Along the way, terms had to be discussed of course, but in a pleasantly proactive stance. Does the term “master” interfere with maintaining a balanced state of shared responsibility between those people who are at the table to play a character, and those who take on the duties of running the game? Is responsibility too harsh a word to cover the awareness of players that they have narrative control over their characters’ thoughts, feelings, and attempted actions? Is narrative space a clear enough term to use to define the separate creative and narrative zones of control of the GM and the Players, and those areas of overlap?

In the end, consensus on many basic things was reached, and many people contributed thoughtful examinations of what they expect from play, what they actually experience in play, and ways in which they may consider gaming in the future. The group identified an area of play which concerned all of us, albeit in different ways, and worked together to share the aspects of the problem which concerned them most, clarify concepts so that everyone was on the same page, review what was agreed, isolate specific items which could be worked on now, and found common ground in that process.

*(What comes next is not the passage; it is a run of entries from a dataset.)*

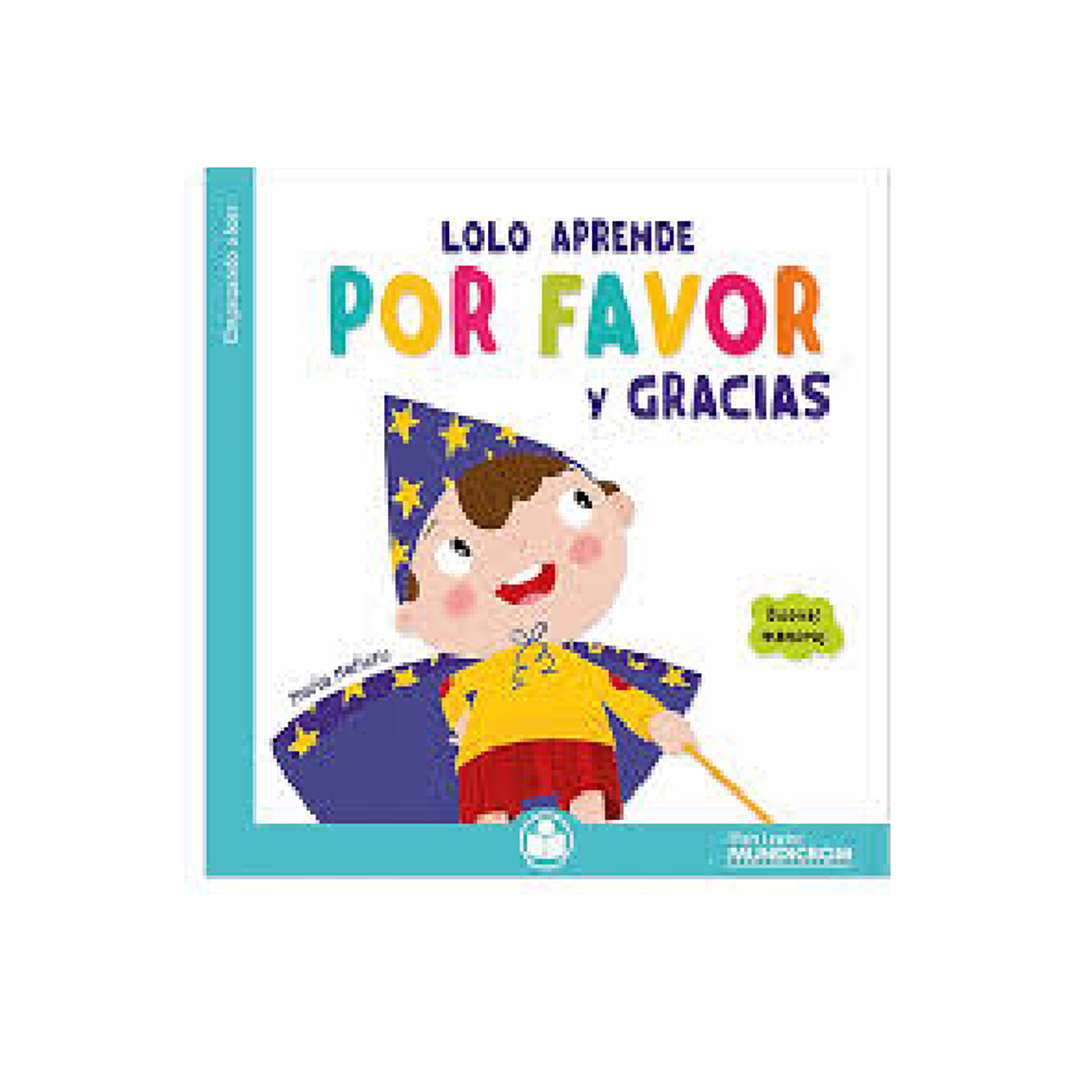 LOLO APRENDE POR FAVOR Y GRACIAS 1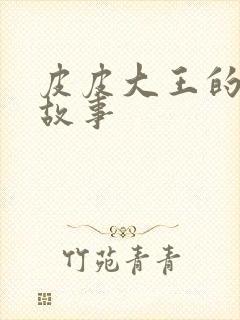 皮皮大王的成语故事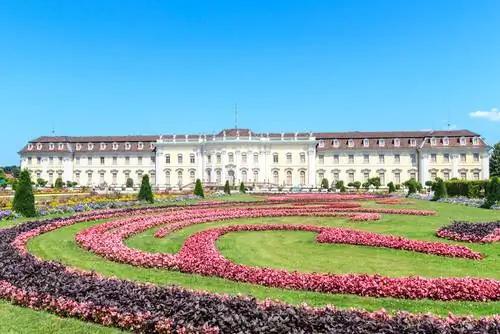 Ludwigsburg Castle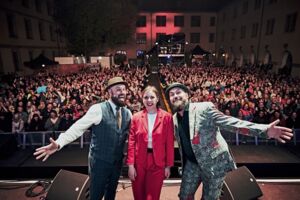 Mörderische Heimat - Die Liveshow zum Erfolgspodcast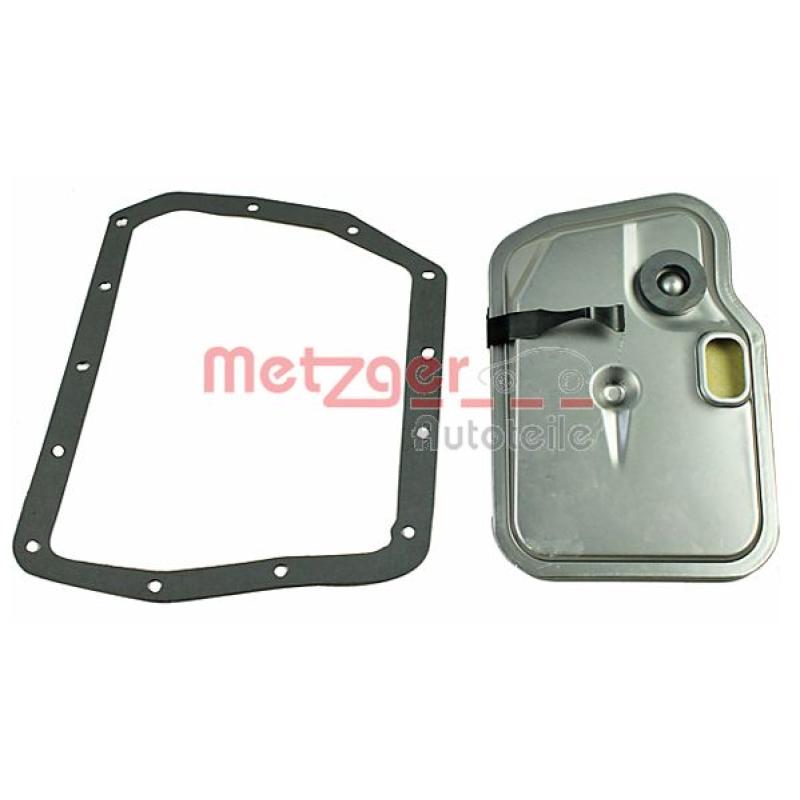 Kit de filtre hydraulique, boîte automatique METZGER 8020056 - Visuel 1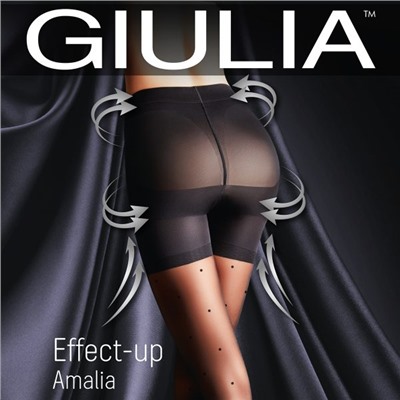 Колготки Giulia EFFECT UP AMALIA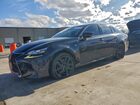 2017 Lexus Gs 350 Base Black vin: JTHCZ1BL0HA004960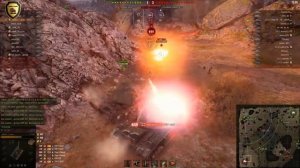 World of Tanks. ГАЙД Т110Е4 WOT.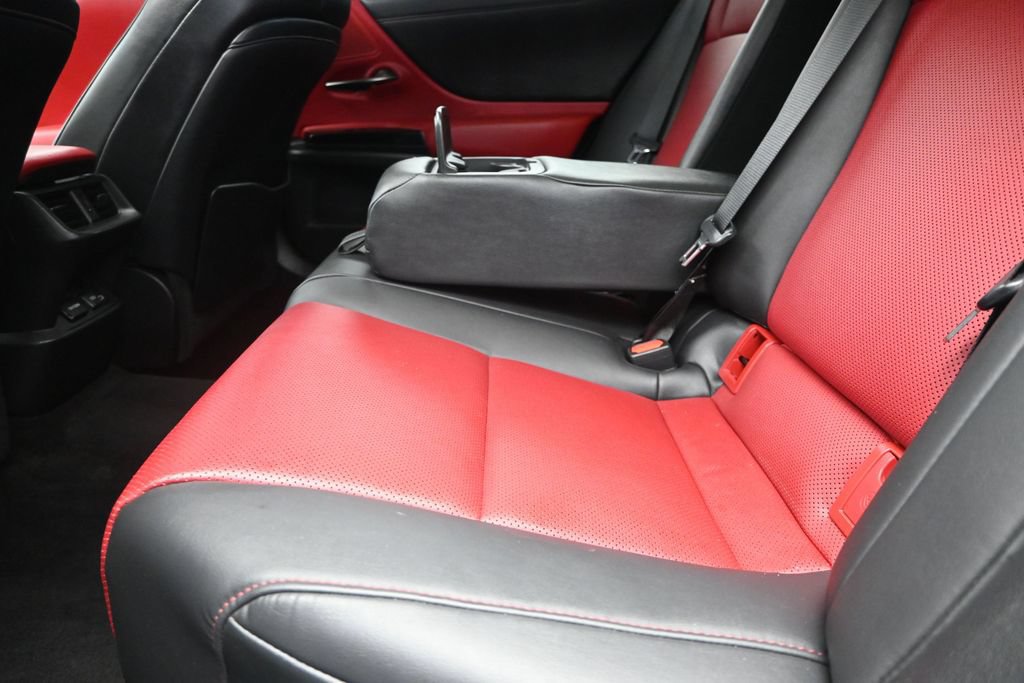 Used 2022 Lexus ES 350 F Sport w/ Accessory Package 2 FWD image 16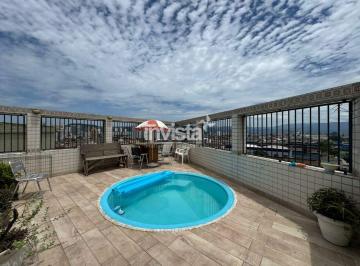 Apartamento · 187m² · 3 Quartos · 2 Vagas · Cobertura à venda no bairro Macuco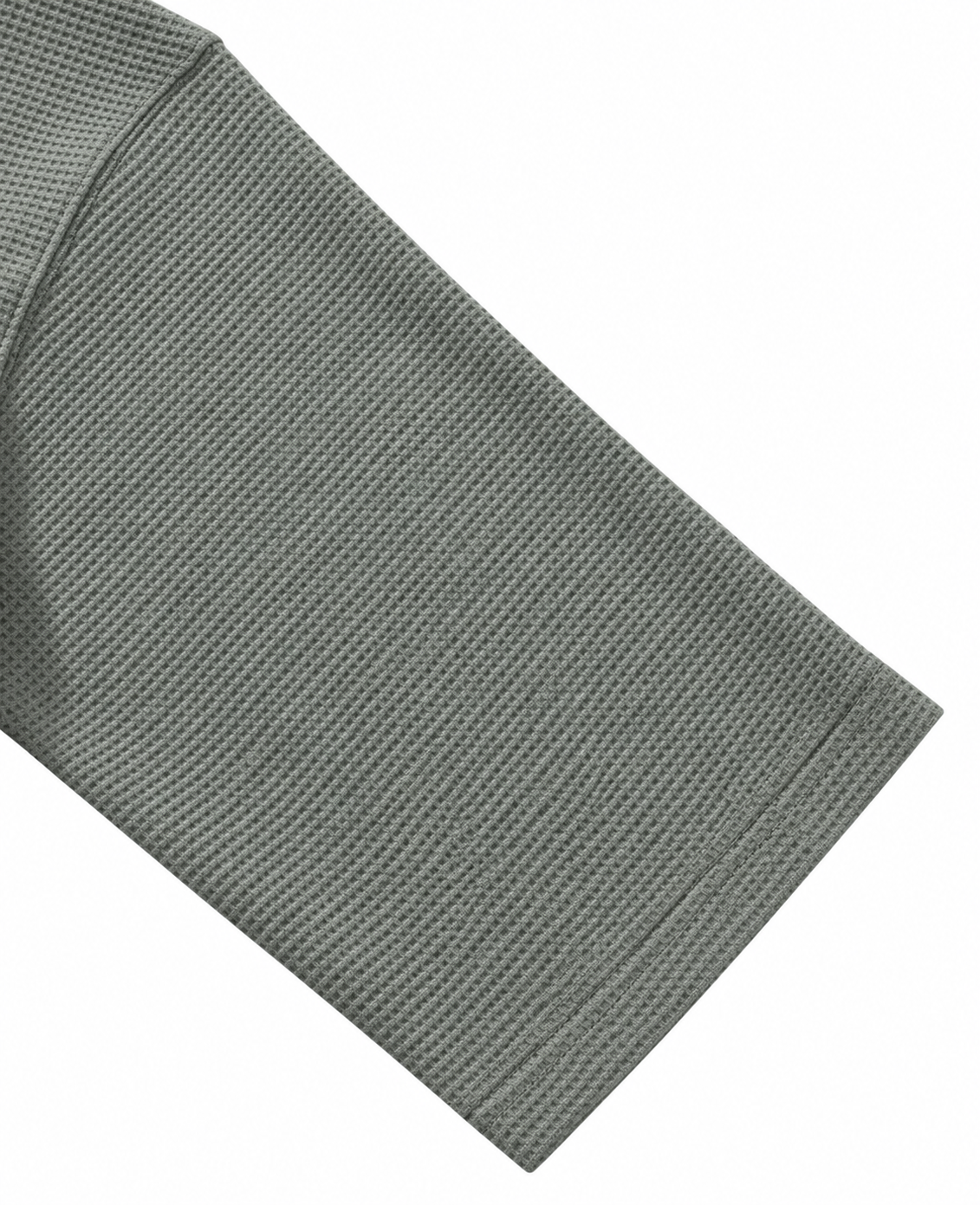 T-shirt Waffle Boxy Oversize — ENVOI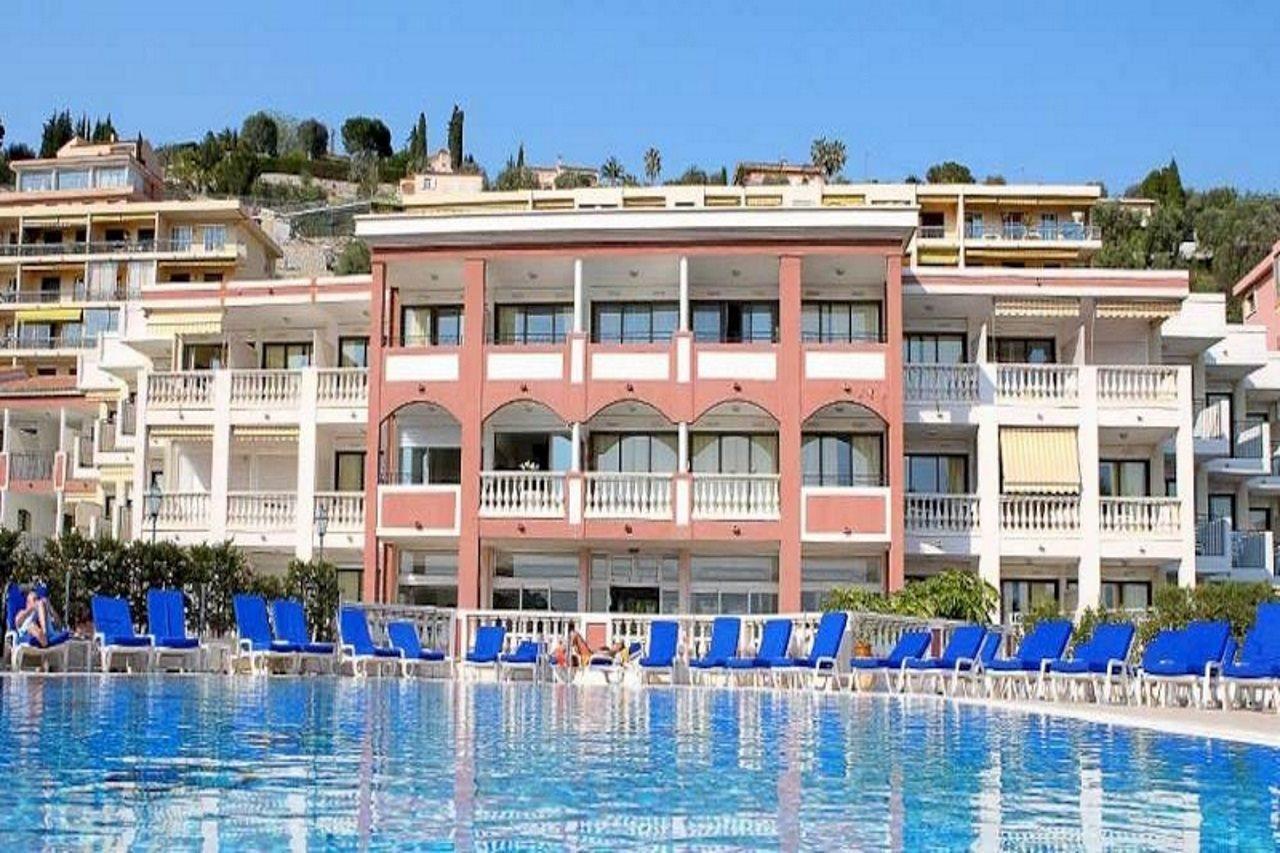 Residence Pierre & Vacances L'Ange Gardien Вільфранш-сюр-Мер Екстер'єр фото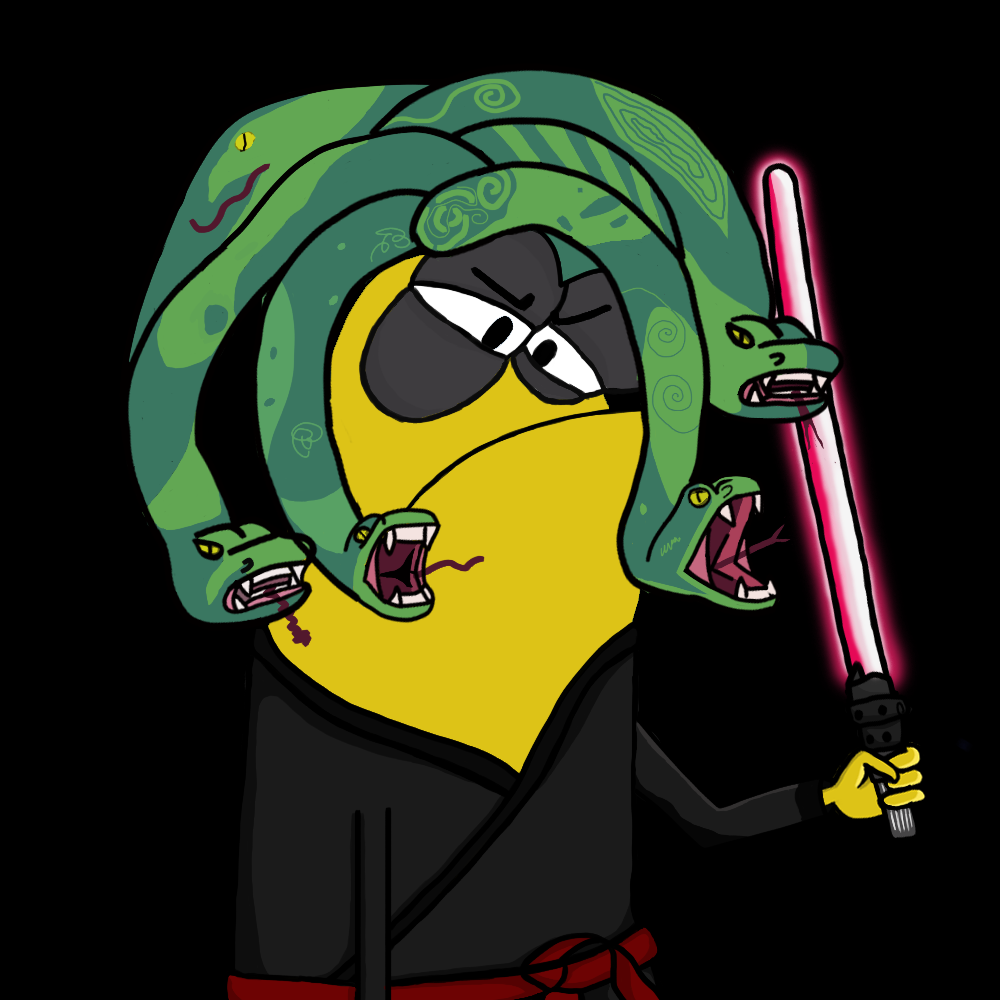 AlGoofy #418 NFT on Algorand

The discussion is by no means over, but when it returns, it will be with a greater degree of depth and focus on the specifics of how, rather than the details of games or styles. The best part is, that through this discussion and others like it, I know I am not alone in looking forward to being a part of that discussion when it comes.

2 Responses to “December 2013 RPG Blog Carnival: GM and Player Roles”
  1. Brian G says:

    That is one sweet summary. I am so looking forward to this years Blog Carnival.